Monday, January 23, 2017

ACA Executive Order and Medicaid Block Grants

Let's discuss a terrifying and cruel development in the works.  This is far more substantive than any quibble over the size of an audience.  This is arguably the biggest news of any sort for domestic life in the United States in years.  Even if you hate Obamacare and think that the 20 million people who've gained insurance under the Affordable Care Act will be just fine without it, the implications for Medicaid, a bedrock of the modern American social contract, are terrifying.
The Affordable Care Act is getting eviscerated more quickly than many anticipated.  It may be possible to kill Obamacare without even repealing it proper:

[The executive order is] so broad it could allow many of the law's provisions, including many of taxes it imposes on insurers and the requirement that individuals buy insurance, to die from lack of enforcement.
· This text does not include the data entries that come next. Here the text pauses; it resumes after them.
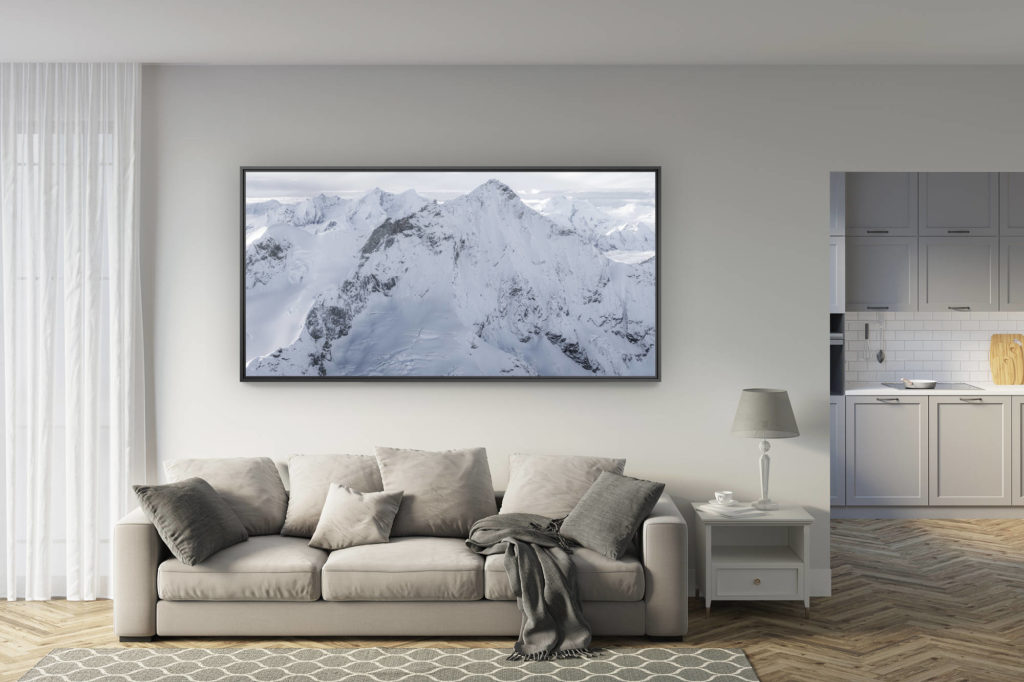 déco salon rénové - tendance photo montagne grand format - Images montagnes alpes - photo panoramique montagne en noir et blanc du Dom des Mischabels, Weisshorn (Val d'Anniviers)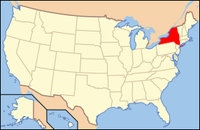 Map of the USA highlighting New York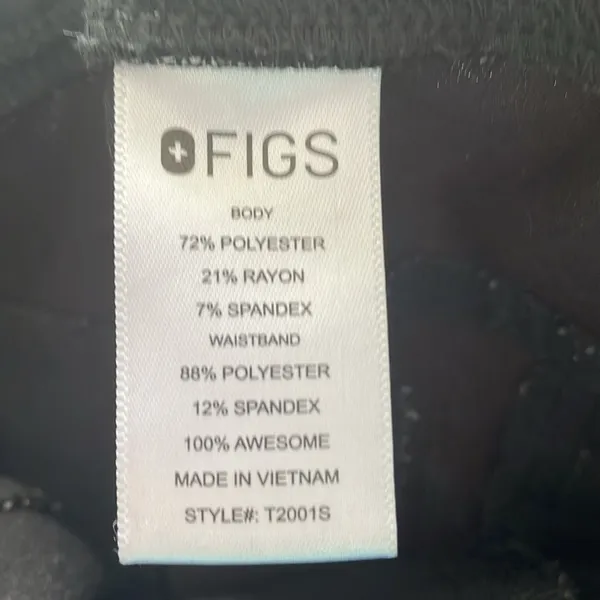 FIGS Technical Collection Black Scrub Pants Large Short - Image 7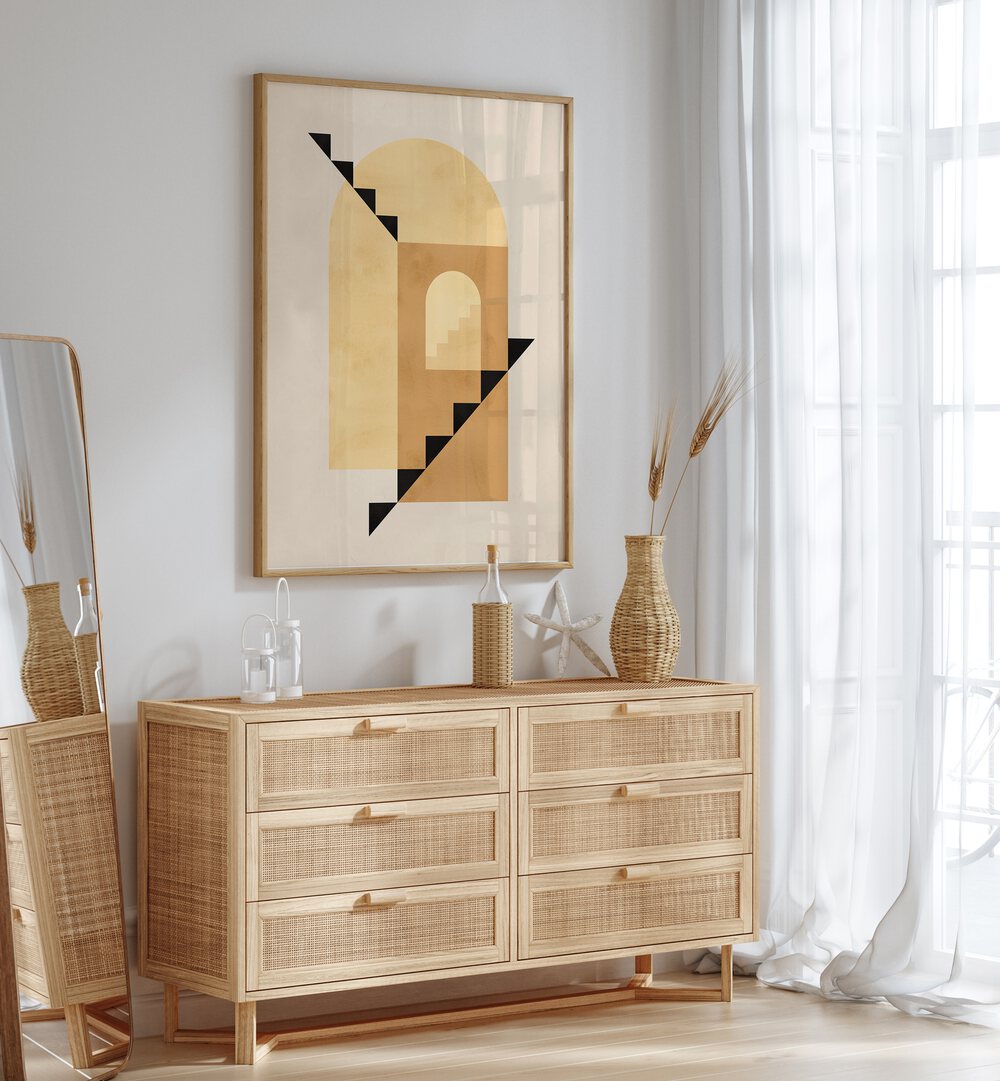 Stylish living room featuring COMPOSITION II, BOHO ART PAINTINGS, adding modern flair with vibrant geometric patterns.
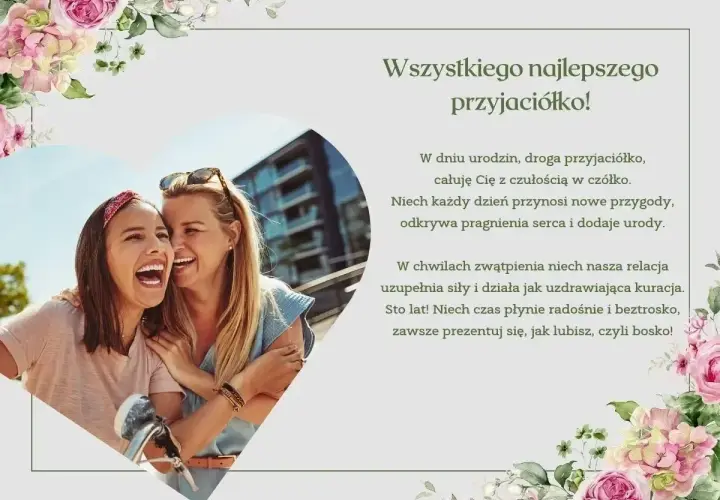 Dwie uśmiechnięte przyjaciółki obejmują się na tle miasta, ozdobione kwiatami.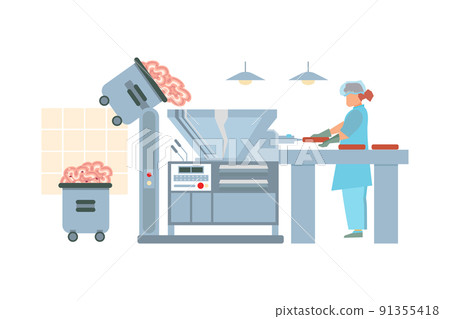 Factory Sausage Making Composition 91355418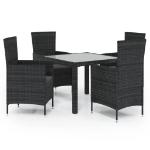 Set Mobili da Giardino 5 pz con Cuscini in Polyrattan Nero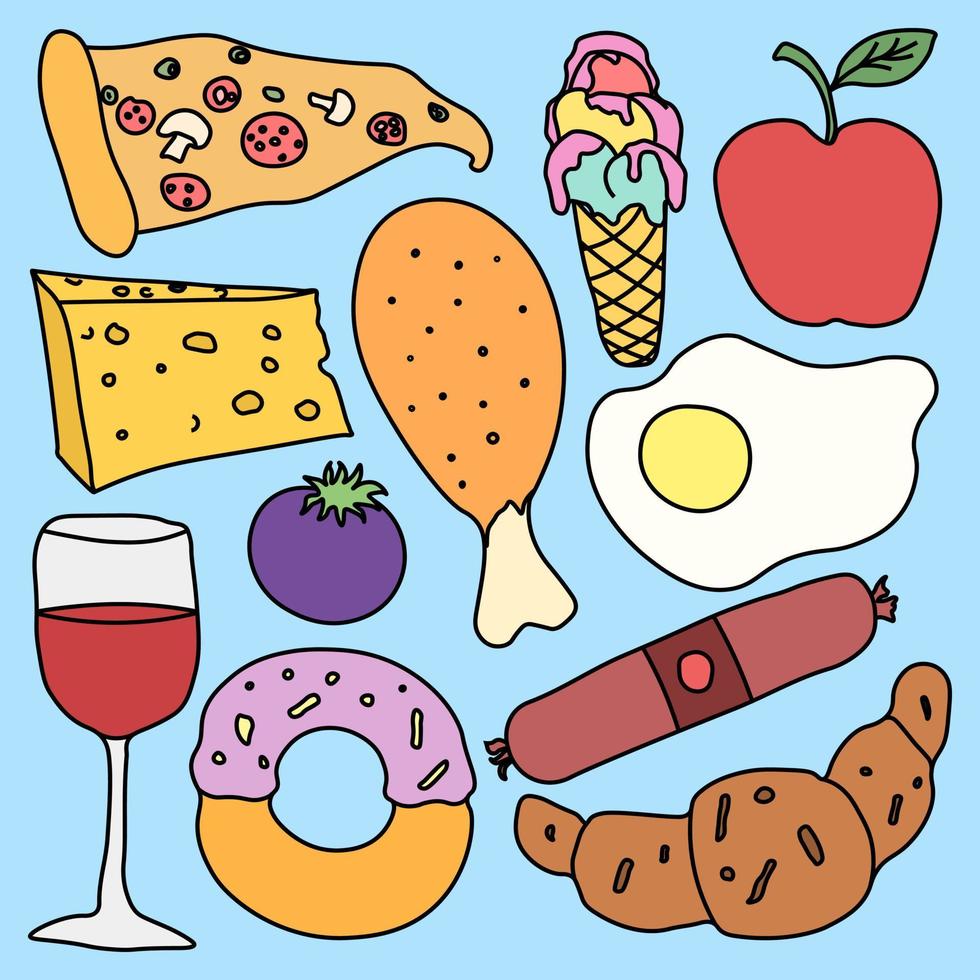 Cartoon food icons. Vector food background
There's no back-up plan announced as of yet, although block grants to the states will likely be involved.  

This move may mean the end of Medicaid as practiced.  That is a very scary prospect for those who depend on Medicaid.  It's much more radical than simply repealing Obamacare, a program that is still fairly young.  Medicaid has been with us for a long time now.  It covers 70 million people.  It's expensive, as far as cost goes, at around half a trillion dollars per year to maintain.  Nonetheless, a Republican Governor has already raised concerns regarding a transfer of Medicaid to the states:

“We are very concerned that a shift to block grants or per capita caps for Medicaid would remove flexibility from states as the result of reduced federal funding,” Gov. Charlie Baker of Massachusetts, a Republican, said this month in a letter to congressional leaders. “States would most likely make decisions based mainly on fiscal reasons rather than the health care needs of vulnerable populations.”
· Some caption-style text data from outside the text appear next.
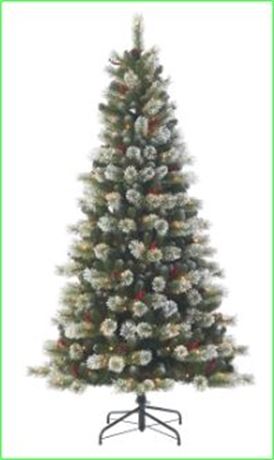 Holiday Time 7.5 ft Pre Lit Flocked Sparkling Pine Tree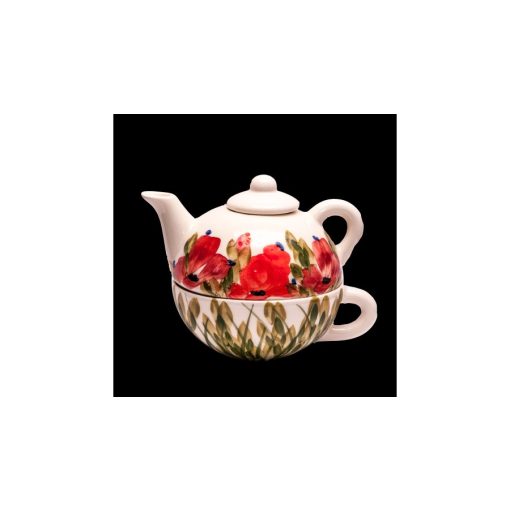 Tele virágos egyszemélyes teás, pipacs, kerámia, kézzel festett-0,25dl+0,25dl – Vanilia Kerámia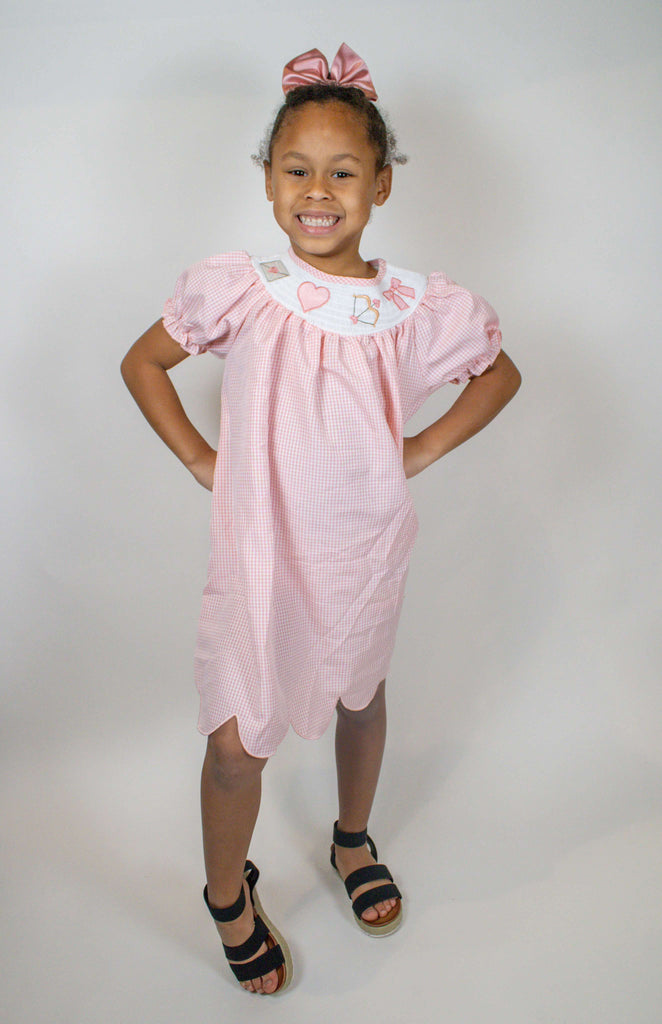Valentine letters Smocked dress 2T Valentine letters Smocked dress 2T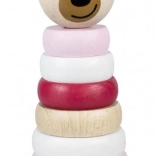 Piramidă din lemn cu cap de urs roz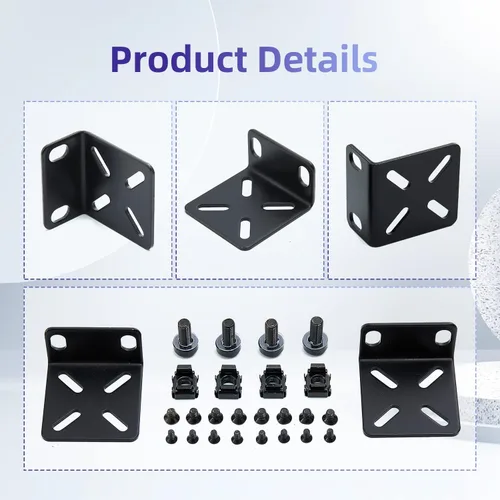 Vista 3 de Kit de montaje en rack para switches de 17.3 pulgadas, orejas de rack ajustables para productos Buffalo Tech, Cisco, NETGEAR, Dell, D-Link, Linksys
It appears likely to result in the end of coverage, or increased financial burdens, for many of our fellow Americans:

Gov. Robert Bentley of Alabama, a Republican, said that if a block grant reduced federal funds for the program, “states should be given the ability to reduce Medicaid benefits or enrollment, to impose premiums” or other cost-sharing requirements on beneficiaries, and to reduce Medicaid spending in other ways.

America is not going broke.  America cannot go broke as long as the dollar, a fiat currency which is the reserve currency of much of the world, continues to be accepted.  There is no credible challenger to the dollar, currency-wise.  Therefore there is no economic rationale to shifting the burden of Medicaid to the states.  The states do not print their own currency; they really do face a financial imposition from an entitlement program like Medicaid.  The federal government, by contrast, can permanently run deficits and turn out just fine. 
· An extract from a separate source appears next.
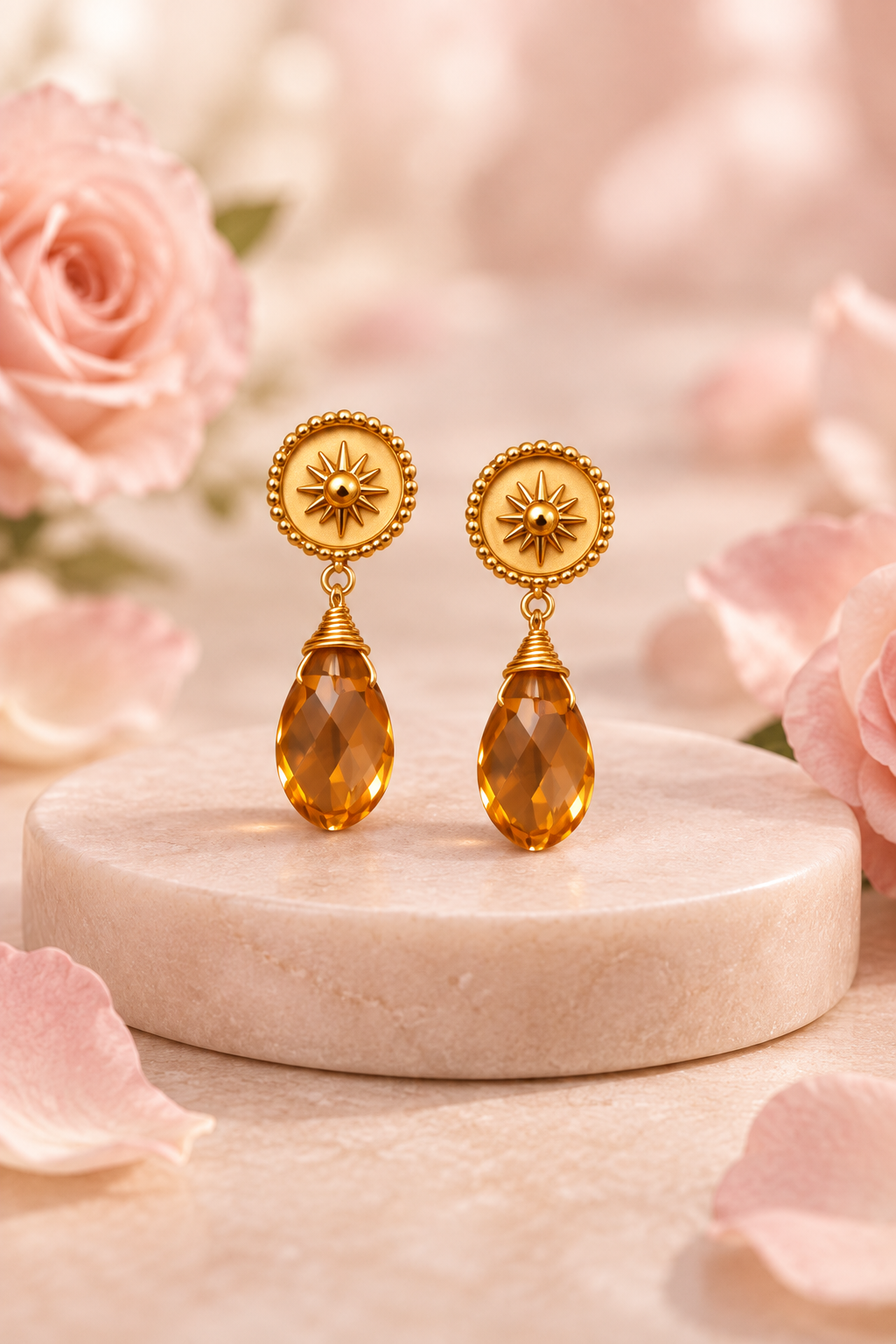 Aros de acero dorado con cristal ámbar — foto 5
$500 billion sounds like a lot of money of course, but Pentagon expenditures on an annual basis are larger, and has America gone broke recently, or ever?  No.  America has not gone broke, recently, or ever.

It is worth noting that, as people are kicked off Medicaid, they will have to spend more of their discretionary income on medical expenses and therefore will not have that discretionary money to make additional purchases.  I put that in bold because I want to drive the point home.  These folks who might have bought a new television or pair of sneakers will not be making those purchases because they will be trying to fill the gaps left by their evaporated Medicaid coverage.  Therefore businesses who might have sold those TVs and sneakers and might have hired employees to facilitate that process will be unable to do so.  In other words, this is an economically contractionary measure.  This will off-set whatever economic gains might be made by Making America Great Again otherwise.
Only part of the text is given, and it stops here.